En nuestro vocabulario, el blanco está asociado a la ausencia, a la falta: una página en blanco (sin texto), una noche blanca (sin sueño), una bala blanca (sin pólvora), un cheque en blanco (sin importe)... O: “Me he quedado en blanco”.

Son ciertas esas huellas en el lenguaje, pero en nuestro imaginario asociamos espontáneamente el blanco a la pureza y la inocencia. Sin duda porque resulta relativamente más fácil hacer algo uniforme, homogéneo y puro con lo blanco que con los demás colores. En algunas regiones, la nieve ha fortalecido este símbolo. Desde la Guerra de los Cien Años, en los siglos XIV y XV, se enarbola una bandera blanca para pedir el cese de hostilidades: el blanco se oponía entonces al rojo de la guerra. Esta dimensión simbólica es casi universal.

Virginidad... Sin embargo, contaba que las novias vestían de rojo...

Sí, antaño, en la época de los romanos, la virginidad de una mujer no tenía la importancia que luego se le dio. Con la institución definitiva del matrimonio cristiano, en el siglo XIII, se hizo esencial, por razones de herencia y genealogía, que los críos que nacieran fuesen realmente hijos de su padre. Desde finales del siglo XVIII, cuando los valores burgueses se imponen sobre los valores aristocráticos, se intima a las muchachas a que hagan alarde de su virginidad. Y tuvieron que llevar vestidos blancos.

Cultivamos una obsesión por el blanco: ¡ahora hasta la ropa lavada tiene que quedar más blanca que el blanco!

Es cierto: buscamos el ultrablanco, un punto en que lo simbólico coincide con lo material. Siempre se ha buscado ir más allá del blanco. En la Edad Media, el dorado desempeñaba esa función: la luz muy intensa adquiría reflejos dorados, se decía. Hoy, a veces se utiliza el azul para sugerir el más allá del blanco: el freezer en la heladera (más frío que el frío), los caramelos de menta superfuertes, o los glaciares en azul en los mapas, sobre el fondo blanco de la nieve...

El blanco de la vejez, el de los cabellos canos, indica serenidad, paz interior, sabiduría. El blanco de la muerte y del sudario se reúne entonces con el blanco de la inocencia y de la cuna. Como si el ciclo de la vida empezase en el blanco, pasara por diferentes colores y terminara en el blanco. Además, en Asia y en una parte del África, es el color del duelo.

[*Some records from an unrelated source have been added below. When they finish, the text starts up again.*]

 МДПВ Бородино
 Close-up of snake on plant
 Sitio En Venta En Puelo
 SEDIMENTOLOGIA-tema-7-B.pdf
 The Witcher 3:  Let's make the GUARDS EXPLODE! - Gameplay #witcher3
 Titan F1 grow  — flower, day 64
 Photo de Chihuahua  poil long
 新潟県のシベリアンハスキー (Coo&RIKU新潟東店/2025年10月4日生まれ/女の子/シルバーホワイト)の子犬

La vida como recorrido dentro de los colores... Es linda metáfora. Hay otro símbolo: somos europeos, se supone que tenemos la tez blanca.

¡Eso es un código social! La blancura de la piel siempre ha funcionado como una señal de reconocimiento. En el pasado, los campesinos que trabajaban al aire libre tenían la tez tostada y los aristócratas consideraban obligado tener la piel lo menos atezada posible para distinguirse bien de ellos. En las sociedades de corte de los siglos XVII y XVIII se embadurnaban con cremas para obtener una máscara blanca, que algunas zonas resaltaban con rojo. La expresión “sangre azul” se refiere justamente a esta costumbre: tenían la cara tan pálida y translúcida que se veían las venas, y algunos llegaban a redibujárselas para que no los confundieran con los labradores. En la segunda mitad del siglo XIX convenía distinguirse de los obreros, que tenían la piel blanca porque trabajaban en interiores. Para la elite, llega la época de los baños de mar y la piel bronceada.

Y ante la mirada de otras sociedades, el llamarnos a nosotros mismos “blancos”, ¿significa que tenemos la ambición de creernos “inocentes”?

Los “blancos” nos consideramos inocentes, puros, limpios, a veces incluso divinos o sagrados. El hombre blanco no es blanco, desde luego, como tampoco lo es el vino blanco.

Pero estamos apegados a este símbolo que halaga nuestro narcisismo. Los asiáticos, en cambio, ven en nuestra blancura una evocación de la muerte: les parece que el hombre blanco europeo tiene una tez tan mórbida que aseguran que realmente huele a cadáver.